The SEIU's executive board has decided to wait until October before deciding which one of the three leading Democratic candidates — Hillary Rodham Clinton, Barack Obama or Edwards — to endorse, a spokeswoman said Tuesday.
"The executive board has decided to go back to the local members and ask their opinions before making a decision," spokeswoman Stephanie Mueller said.
This weekend marks the end of the third quarter fundraising period and will provide strong signals on the viability of the candidates. Edwards, a favorite of labor who has picked up several key endorsements, lags his top two rivals in fundraising and trails them in national polls.
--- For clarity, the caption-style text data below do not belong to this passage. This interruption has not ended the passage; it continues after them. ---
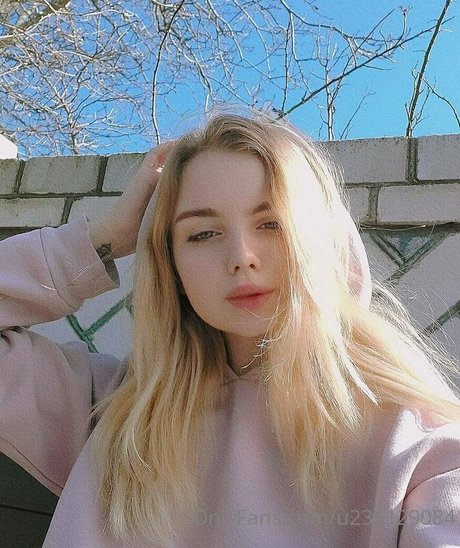 flora belll 高品質女優 画像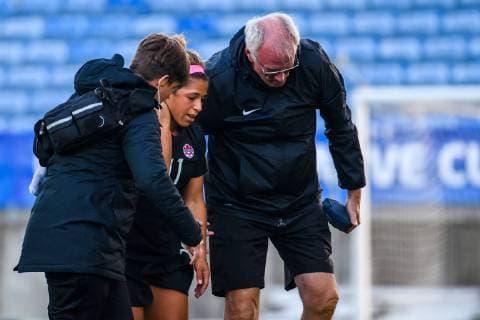 190306 Desiree Scott of Canada in pain during the Algarve Cup 2019 match between Canada and Sweden on March 6, 2019 in Almancil. Photo: Ludvig Thunman BILDBYRAN kod LT 35616 Copyright: LUDVIGxTHUNMAN BB190306LT034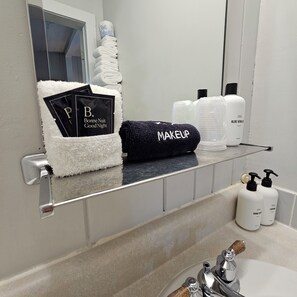 Hair dryer, towels, soap, toilet paper - King Room l Centrally-located (Hendersonville)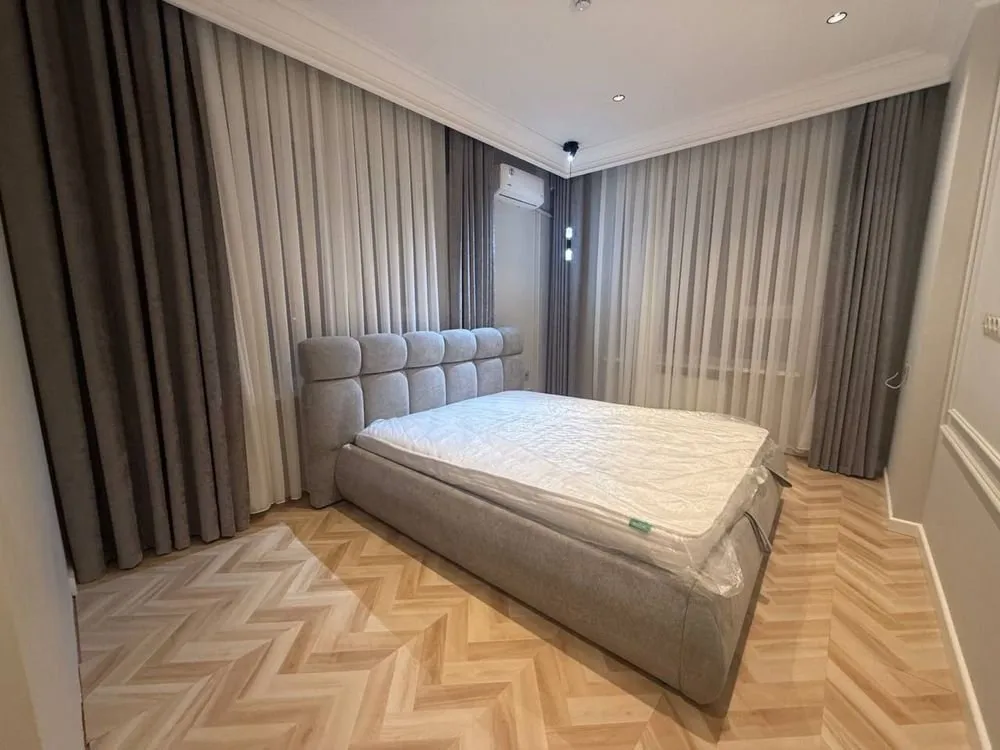 100 м², 3-комн. квартира, 6/12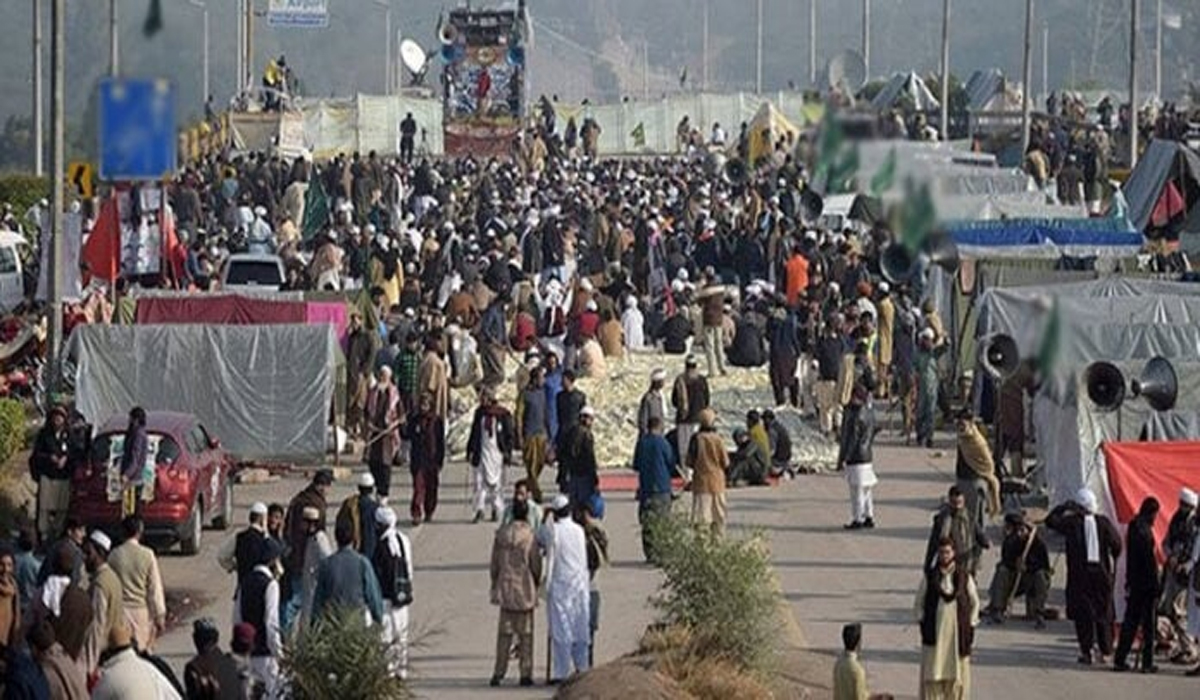 کراچی میں ایک اور مذہبی جماعت نے 9 مقامات پر دھرنے دے دیے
During the first six months of the year, Obama led the Democratic field in money, raising $58.5 million. Clinton raised $52.5 million and Edwards raised $23 million. Clinton, however, had the most cash on hand at the end of June, with $45.2 million in the bank.
Clinton, the party's front-runner, also holds the edge in labor endorsements.
The 1.8-million member union winnowed the Democratic field to Clinton, Obama and Edwards after the three were the clear favorites at an SEIU forum in Washington last week. SEIU leaders asked for and met with the three candidates' campaigns in Chicago on Monday. Clinton, Edwards and Obama are scheduled to speak on Tuesday to the Change To Win labor conference.
Anna Burger, SEIU's secretary-treasurer, said many union officials had to leave after hearing the three presentations Monday, so they decided to postpone any action until their October meeting. She said the union didn't endorse until November 2003 and rejected suggestions that the delays could be hurting their eventual endorsee.
"This is earlier than we ever considered endorsing before, so it depends on your perspective," she said.
Officials with Change to Win's leadership told reporters Tuesday morning that they are struggling with whether to make an endorsement with so many candidates they support competing for the nomination.
"These are tough determinations," said Bruce Raynor, UNITE HERE's general president.
SEIU is one of the seven unions, including hotel workers, janitors, Teamsters and truck drivers, that broke away from the AFL-CIO to form the rival labor federation.
The SEIU endorsement is one of the most important labor endorsements available, with the organization donating more than $25 million to mostly Democratic candidates since 1989, according to the Center for Responsive Politics.